Figure 5. Expression of Rac1 disrupts tissue polarity but does not prevent proliferation arrest. (A) Rac1 activity correlates with PI3K activity, analyzed by using recombinant PAK-GST-CD fusion protein pulldown from lysates of 10-d 3D lrBM cultures of S-1, T4-2, and T4-2+LY cells. (B) Expression of constitutively active Rac1 L61, detected from lysates of cells infected with Rac1L61 or vector control and probed with anti-HA antibody (left) or immunoprecipitated with anti-HA antibody and blotted by anti-Rac1 antibody (right). (C) Inhibition of PI3K attenuates growth of both T4-2+Rac1 L61 colonies and control (T4-2+Vector) colonies, as assessed by phase contrast microscopy.
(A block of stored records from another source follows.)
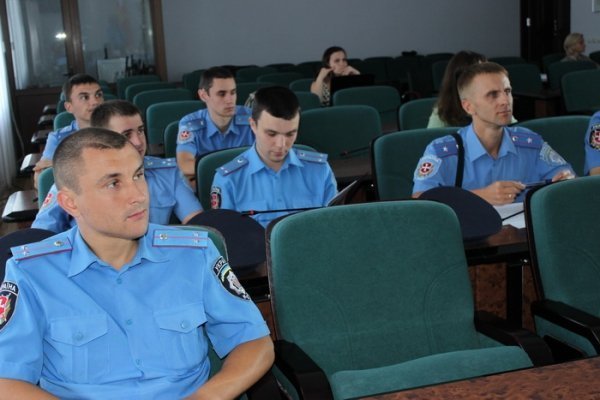 Нью-Йоркський полісмен навчав луцьких міліціонерів. ФОТО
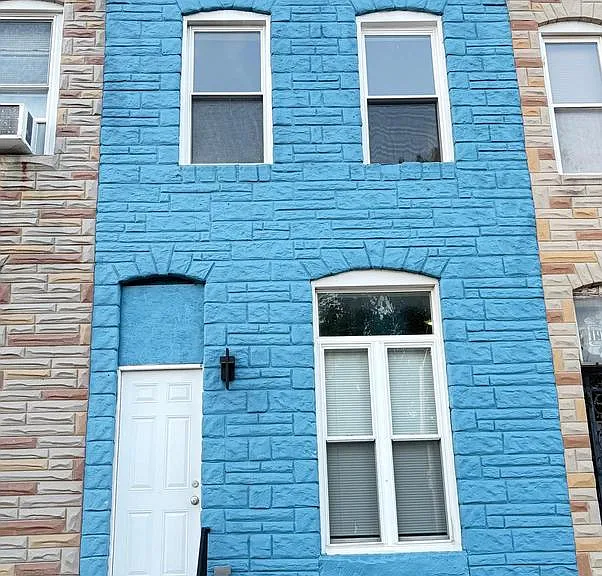 1904 E Lanvale St — Photo 1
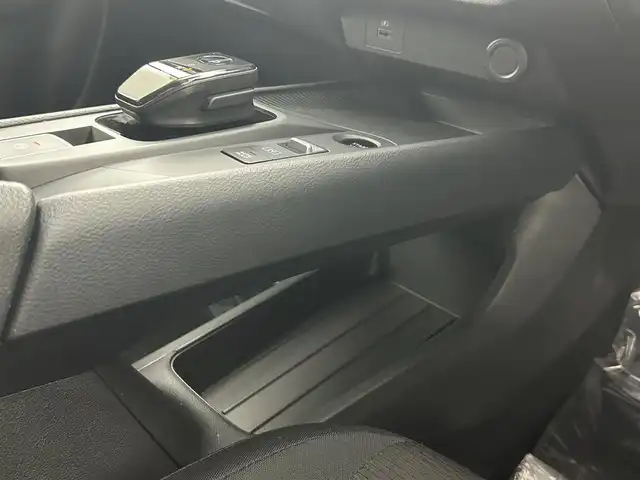日産 ノート S 広島県 2021(令3)年 2.8万km ホワイト 禁煙車　社外ナビ（CN-B311B）　Bluetooth　ETC　エマージェンシーブレーキ　側方支援　クリアランスソナー　電動パーキングブレーキ　オートブレーキホールド　オートライト　オートマチックハイビーム　スマートキー
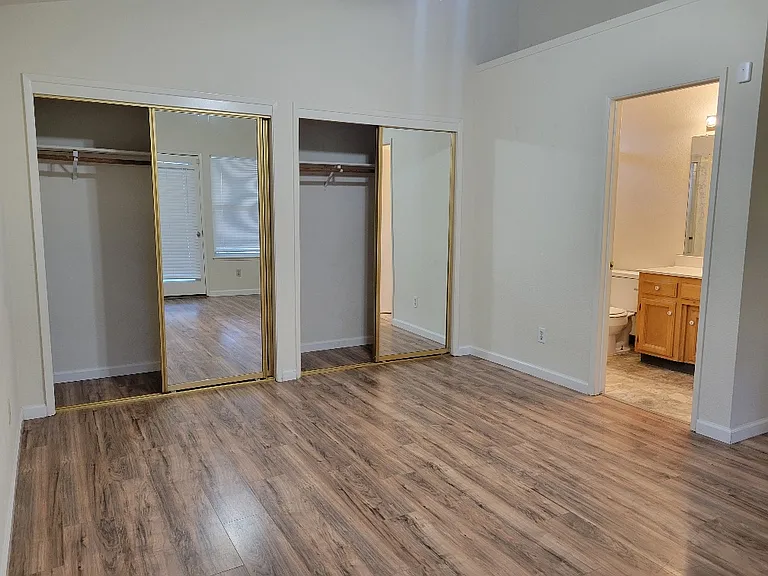 1812 College Greens Dr — Photo 21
Bar, 20 µm. (D) Analysis of total nuclear number at spheroid cross section reveals that treatment with LY294002 causes statistically signinficant decrease of colony cell number, but expression of Rac1L61 causes no substantial difference (mean ± SD, P values calculated using Student's t test; more than 300 colonies were analyzed from 3 independent experiments for each condition). (E) Attenuation of PI3K activity does not restore tissue polarity in T4-2 cells that express Rac1 L61, as assessed by immunofluorescence of vector control or transfected cells, stained with antibody against {{alpha}}6 integrin and with DAPI. Bar, 10 µm. (F) Statistical analysis of data in E, in which polarity was assessed by percentage of spheroids without polarized distribution of {{alpha}}6 integrin at basal surface (mean ± SD, P < 0.01, vector control versus Rac1 L61 cells treated with LY294002, Student's t test; more than 700 colonies were analyzed for each condition from 3 independent experiments).

Figure 6. Simultaneous expression of both Akt and Rac1 is sufficient to prevent reversion induced by attenuation of PI3K activity. (A) Expression of both constitutively active Akt (Myr-Akt) and Rac1 (Rac1 L61) in T4-2 cells was detected by probing Western blots of cell lysates with anti-HA antibody. (B) PI3K inhibition fails to decrease proliferation and to restore tissue organization in Myr-Akt and Rac1 L61-double transfectants, as assessed by phase contrast microscopy and (C) by increased nuclei per spheroid cross section (mean ± SD, P values calculated using Student's t test; more than 300 colonies were analyzed for each condition from three independent experiments). Bar in B, 20 µm. (D) Restoration of basal tissue polarity is disrupted in double transfectants, as assessed by aberrant location of {{alpha}}6 integrin in LY294002-treated T4-2 Myr-Akt+Rac1 L61 cells grown in 3D lrBM for 10 d. Representative images from three independent experiments are shown. Bar, 10 µm. (E) Myr-Akt and Rac1 L61 double transfectants collaborate to increase anchorage-independent cell growth and overcome the inhibitory effects of treatment with PI3K inhibitor. Transfectants were grown in methyl cellulose for 3 wk in the absence or presence of PI3K inhibitor. Representative images are shown from duplicate experiments.

Figure 7. Scheme of proposed tumor cell signaling network to control polarity, proliferation, and apoptosis. T4-2 signaling network. PI3K activity is increased in tumor cells as a result of aberrant signaling from cell–ECM and cell–growth factor receptor interactions. The consequent activation of Akt contributes to the increased cellular proliferation through downstream pro-proliferation and anti-apoptotic pathways. Increased PIP3 also leads to up-regulation of Rac1 through activation of Rac1-specific GEF activity, resulting in altered organization of the actin cytoskeleton, formation and maintenance of tight junctions, and directionality of vesicle trafficking, effects that combine to disorganize the tissue structure. Thus, each pathway independently affects cellular behavior, but the synergistic effect leads to the tumor phenotype. ({*}) Cross-modulation in 3D lrBM. Inhibition at any of these pressure points results in normalization of the expression and activity at each of the other points, with concomitant normalization of downstream signaling pathways.